§ **Exercise requirements**
Copy nothing from the entries below except the lines from the one containing "Таблица кодировки Unicode" through the one containing "史上最大級の津波コレクション", and copy those exactly.

Dataset entries
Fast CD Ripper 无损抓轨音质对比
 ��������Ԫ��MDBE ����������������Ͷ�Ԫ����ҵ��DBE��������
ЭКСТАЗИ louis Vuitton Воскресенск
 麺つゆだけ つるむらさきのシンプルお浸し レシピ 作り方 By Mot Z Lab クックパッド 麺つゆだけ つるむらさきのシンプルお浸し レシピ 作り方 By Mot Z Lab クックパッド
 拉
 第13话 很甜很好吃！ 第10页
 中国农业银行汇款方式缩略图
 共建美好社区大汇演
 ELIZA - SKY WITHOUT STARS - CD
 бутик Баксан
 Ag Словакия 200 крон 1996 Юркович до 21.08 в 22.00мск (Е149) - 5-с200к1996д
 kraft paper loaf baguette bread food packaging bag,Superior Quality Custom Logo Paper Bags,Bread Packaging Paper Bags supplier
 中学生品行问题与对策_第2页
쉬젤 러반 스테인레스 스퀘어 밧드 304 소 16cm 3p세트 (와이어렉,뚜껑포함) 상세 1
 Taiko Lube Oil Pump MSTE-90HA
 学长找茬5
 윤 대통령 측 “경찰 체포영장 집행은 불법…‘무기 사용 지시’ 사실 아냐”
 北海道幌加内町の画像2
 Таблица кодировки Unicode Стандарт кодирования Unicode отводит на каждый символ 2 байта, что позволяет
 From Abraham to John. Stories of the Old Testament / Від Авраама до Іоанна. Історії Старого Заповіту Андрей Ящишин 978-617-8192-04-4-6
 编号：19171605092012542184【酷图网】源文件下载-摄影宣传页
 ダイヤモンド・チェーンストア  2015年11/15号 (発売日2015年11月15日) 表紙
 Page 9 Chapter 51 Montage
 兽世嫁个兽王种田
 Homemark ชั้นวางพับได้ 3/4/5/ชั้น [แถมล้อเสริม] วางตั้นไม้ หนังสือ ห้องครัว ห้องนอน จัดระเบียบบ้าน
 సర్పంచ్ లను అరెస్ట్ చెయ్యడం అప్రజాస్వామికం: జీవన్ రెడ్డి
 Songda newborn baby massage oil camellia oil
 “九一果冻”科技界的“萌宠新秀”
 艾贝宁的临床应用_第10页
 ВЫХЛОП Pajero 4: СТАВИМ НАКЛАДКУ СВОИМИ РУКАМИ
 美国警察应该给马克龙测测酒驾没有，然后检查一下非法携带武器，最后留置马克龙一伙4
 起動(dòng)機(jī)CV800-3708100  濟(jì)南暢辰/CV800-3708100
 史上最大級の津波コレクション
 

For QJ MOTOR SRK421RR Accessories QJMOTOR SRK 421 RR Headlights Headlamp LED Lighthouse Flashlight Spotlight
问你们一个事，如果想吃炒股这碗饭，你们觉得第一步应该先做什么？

§ **Response area**
 Таблица кодировки Unicode Стандарт кодирования Unicode отводит на каждый символ 2 байта, что позволяет
 From Abraham to John. Stories of the Old Testament / Від Авраама до Іоанна. Історії Старого Заповіту Андрей Ящишин 978-617-8192-04-4-6
 编号：19171605092012542184【酷图网】源文件下载-摄影宣传页
 ダイヤモンド・チェーンストア  2015年11/15号 (発売日2015年11月15日) 表紙
 Page 9 Chapter 51 Montage
 兽世嫁个兽王种田
 Homemark ชั้นวางพับได้ 3/4/5/ชั้น [แถมล้อเสริม] วางตั้นไม้ หนังสือ ห้องครัว ห้องนอน จัดระเบียบบ้าน
 సర్పంచ్ లను అరెస్ట్ చెయ్యడం అప్రజాస్వామికం: జీవన్ రెడ్డి
 Songda newborn baby massage oil camellia oil
 “九一果冻”科技界的“萌宠新秀”
 艾贝宁的临床应用_第10页
 ВЫХЛОП Pajero 4: СТАВИМ НАКЛАДКУ СВОИМИ РУКАМИ
 美国警察应该给马克龙测测酒驾没有，然后检查一下非法携带武器，最后留置马克龙一伙4
 起動(dòng)機(jī)CV800-3708100  濟(jì)南暢辰/CV800-3708100
 史上最大級の津波コレクション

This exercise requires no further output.